INFORMATION GIVEN -
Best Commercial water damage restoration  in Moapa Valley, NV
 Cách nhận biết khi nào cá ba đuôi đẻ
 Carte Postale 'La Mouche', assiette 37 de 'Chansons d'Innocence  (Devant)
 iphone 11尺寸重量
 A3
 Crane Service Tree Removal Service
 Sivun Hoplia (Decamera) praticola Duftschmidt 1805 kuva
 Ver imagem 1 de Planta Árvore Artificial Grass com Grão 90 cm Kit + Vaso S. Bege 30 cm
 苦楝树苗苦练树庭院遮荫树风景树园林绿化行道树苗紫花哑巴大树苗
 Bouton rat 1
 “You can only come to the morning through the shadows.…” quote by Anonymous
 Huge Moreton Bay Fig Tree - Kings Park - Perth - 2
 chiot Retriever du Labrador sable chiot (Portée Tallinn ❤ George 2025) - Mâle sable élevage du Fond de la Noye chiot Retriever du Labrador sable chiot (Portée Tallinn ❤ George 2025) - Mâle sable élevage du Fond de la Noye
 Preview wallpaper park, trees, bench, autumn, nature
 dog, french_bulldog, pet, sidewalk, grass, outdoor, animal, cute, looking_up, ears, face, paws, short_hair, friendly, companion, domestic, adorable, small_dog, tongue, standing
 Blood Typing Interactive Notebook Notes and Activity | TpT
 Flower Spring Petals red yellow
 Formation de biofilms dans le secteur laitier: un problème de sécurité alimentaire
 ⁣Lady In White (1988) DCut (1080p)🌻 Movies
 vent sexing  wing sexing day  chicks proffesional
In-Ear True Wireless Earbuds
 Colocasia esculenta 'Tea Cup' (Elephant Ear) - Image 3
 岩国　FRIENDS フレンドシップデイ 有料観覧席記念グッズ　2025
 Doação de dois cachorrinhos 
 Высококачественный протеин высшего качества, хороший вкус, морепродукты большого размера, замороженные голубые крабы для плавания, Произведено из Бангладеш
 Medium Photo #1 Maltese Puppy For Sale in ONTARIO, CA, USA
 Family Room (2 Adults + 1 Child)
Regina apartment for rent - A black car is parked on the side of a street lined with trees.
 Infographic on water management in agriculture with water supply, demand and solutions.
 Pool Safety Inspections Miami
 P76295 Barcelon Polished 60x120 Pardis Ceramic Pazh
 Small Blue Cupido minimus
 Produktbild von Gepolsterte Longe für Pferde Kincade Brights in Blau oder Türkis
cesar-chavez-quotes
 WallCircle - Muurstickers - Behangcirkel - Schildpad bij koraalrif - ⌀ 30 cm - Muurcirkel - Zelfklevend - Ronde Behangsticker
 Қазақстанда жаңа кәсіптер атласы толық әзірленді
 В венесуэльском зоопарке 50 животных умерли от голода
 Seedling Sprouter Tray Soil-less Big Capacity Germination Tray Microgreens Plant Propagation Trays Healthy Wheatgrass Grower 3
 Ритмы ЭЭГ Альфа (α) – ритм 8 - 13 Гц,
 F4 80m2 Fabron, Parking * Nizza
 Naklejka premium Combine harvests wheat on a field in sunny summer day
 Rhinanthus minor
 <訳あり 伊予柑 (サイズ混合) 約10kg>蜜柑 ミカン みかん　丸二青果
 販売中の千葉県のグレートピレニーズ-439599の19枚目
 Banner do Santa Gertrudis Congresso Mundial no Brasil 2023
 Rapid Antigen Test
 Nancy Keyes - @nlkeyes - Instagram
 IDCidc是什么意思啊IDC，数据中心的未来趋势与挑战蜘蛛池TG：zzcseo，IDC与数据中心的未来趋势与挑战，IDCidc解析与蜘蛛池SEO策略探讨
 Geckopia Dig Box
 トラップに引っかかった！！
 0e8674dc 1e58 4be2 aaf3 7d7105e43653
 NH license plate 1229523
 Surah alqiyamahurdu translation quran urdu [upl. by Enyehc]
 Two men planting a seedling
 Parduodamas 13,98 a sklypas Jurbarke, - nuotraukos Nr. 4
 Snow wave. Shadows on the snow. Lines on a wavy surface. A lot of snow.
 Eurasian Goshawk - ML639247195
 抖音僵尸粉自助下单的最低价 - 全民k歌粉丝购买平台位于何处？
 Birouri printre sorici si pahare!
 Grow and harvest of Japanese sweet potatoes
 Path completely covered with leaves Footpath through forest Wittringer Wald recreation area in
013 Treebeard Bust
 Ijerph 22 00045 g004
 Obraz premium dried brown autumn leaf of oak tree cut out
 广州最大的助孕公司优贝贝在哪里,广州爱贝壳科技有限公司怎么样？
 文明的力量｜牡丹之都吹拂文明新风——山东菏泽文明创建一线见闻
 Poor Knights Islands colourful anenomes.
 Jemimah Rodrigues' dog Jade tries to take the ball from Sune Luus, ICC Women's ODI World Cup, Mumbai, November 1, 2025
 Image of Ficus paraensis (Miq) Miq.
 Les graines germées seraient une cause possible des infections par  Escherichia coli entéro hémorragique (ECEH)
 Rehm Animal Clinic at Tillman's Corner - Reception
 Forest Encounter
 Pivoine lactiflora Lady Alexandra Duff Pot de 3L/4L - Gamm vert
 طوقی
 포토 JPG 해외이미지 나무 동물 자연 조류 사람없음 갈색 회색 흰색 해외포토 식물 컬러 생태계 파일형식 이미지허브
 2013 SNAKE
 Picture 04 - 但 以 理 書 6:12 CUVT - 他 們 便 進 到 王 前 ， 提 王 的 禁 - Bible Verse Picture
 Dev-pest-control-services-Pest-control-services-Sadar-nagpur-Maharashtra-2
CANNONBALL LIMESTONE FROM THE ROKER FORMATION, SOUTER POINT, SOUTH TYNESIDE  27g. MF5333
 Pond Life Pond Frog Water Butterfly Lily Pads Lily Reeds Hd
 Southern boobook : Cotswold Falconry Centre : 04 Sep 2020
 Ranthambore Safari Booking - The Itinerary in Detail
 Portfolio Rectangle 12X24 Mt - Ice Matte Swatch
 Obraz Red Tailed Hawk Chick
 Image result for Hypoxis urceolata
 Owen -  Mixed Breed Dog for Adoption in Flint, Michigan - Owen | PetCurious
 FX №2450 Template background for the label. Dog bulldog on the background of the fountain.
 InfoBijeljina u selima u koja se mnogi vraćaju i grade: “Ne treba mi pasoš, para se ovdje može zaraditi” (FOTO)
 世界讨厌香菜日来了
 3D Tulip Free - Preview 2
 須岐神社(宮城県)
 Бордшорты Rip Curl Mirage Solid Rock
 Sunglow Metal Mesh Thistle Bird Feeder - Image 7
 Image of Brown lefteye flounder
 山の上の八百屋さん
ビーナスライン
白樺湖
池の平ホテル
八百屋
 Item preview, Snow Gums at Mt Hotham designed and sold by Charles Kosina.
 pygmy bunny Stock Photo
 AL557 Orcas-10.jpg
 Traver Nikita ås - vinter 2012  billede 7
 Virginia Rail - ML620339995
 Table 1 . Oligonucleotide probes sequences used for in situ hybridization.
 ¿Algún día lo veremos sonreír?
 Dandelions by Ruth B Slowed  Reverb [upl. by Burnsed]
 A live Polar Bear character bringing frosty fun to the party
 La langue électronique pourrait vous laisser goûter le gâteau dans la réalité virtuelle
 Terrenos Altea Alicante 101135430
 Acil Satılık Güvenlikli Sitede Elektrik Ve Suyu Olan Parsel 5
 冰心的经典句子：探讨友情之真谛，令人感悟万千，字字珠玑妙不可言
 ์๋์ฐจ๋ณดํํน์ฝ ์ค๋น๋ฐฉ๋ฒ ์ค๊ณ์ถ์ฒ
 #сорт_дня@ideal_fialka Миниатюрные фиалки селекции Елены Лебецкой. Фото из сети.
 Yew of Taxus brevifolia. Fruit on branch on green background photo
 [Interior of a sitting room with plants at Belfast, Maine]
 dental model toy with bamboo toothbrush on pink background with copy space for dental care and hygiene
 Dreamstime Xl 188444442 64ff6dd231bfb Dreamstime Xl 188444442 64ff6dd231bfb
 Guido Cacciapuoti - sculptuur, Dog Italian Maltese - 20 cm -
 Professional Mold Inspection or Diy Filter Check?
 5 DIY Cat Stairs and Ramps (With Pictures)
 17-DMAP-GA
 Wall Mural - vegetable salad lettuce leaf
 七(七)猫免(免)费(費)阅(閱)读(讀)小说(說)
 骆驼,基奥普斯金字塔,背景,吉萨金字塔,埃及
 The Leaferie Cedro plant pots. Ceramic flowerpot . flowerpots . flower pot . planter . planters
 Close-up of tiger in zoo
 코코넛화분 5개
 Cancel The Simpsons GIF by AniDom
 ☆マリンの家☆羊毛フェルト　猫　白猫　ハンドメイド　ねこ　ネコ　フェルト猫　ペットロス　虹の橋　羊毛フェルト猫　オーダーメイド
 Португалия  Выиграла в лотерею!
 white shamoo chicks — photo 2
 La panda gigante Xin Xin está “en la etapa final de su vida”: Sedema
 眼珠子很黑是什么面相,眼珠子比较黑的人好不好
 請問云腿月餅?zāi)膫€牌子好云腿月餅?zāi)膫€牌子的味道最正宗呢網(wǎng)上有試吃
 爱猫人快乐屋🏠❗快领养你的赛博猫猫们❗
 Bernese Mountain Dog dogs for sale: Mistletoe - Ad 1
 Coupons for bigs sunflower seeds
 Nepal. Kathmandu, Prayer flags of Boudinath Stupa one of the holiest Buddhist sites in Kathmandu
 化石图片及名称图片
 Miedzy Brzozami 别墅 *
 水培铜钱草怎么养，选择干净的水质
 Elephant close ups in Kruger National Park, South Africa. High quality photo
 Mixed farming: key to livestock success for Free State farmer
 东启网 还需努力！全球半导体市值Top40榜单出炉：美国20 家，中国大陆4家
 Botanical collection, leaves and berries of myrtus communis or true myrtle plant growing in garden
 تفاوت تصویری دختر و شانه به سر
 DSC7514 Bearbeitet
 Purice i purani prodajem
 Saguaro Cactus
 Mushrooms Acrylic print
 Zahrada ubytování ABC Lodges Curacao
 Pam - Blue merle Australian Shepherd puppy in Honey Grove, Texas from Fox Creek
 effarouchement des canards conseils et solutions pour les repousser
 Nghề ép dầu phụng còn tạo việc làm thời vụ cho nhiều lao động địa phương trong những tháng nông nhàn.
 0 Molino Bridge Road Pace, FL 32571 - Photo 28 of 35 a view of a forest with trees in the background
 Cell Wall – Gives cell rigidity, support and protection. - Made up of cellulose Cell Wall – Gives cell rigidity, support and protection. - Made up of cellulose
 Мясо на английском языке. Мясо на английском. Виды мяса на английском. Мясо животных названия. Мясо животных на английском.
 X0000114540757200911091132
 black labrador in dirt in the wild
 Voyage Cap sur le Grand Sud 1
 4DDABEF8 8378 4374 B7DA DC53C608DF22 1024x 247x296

TASK - Using the entries above, repeat only the lines from the one containing "Sivun Hoplia (Decamera)" through the one containing "Blood Typing Interactive", end lines included.

RESPONSE BELOW -
 Sivun Hoplia (Decamera) praticola Duftschmidt 1805 kuva
 Ver imagem 1 de Planta Árvore Artificial Grass com Grão 90 cm Kit + Vaso S. Bege 30 cm
 苦楝树苗苦练树庭院遮荫树风景树园林绿化行道树苗紫花哑巴大树苗
 Bouton rat 1
 “You can only come to the morning through the shadows.…” quote by Anonymous
 Huge Moreton Bay Fig Tree - Kings Park - Perth - 2
 chiot Retriever du Labrador sable chiot (Portée Tallinn ❤ George 2025) - Mâle sable élevage du Fond de la Noye chiot Retriever du Labrador sable chiot (Portée Tallinn ❤ George 2025) - Mâle sable élevage du Fond de la Noye
 Preview wallpaper park, trees, bench, autumn, nature
 dog, french_bulldog, pet, sidewalk, grass, outdoor, animal, cute, looking_up, ears, face, paws, short_hair, friendly, companion, domestic, adorable, small_dog, tongue, standing
 Blood Typing Interactive Notebook Notes and Activity | TpT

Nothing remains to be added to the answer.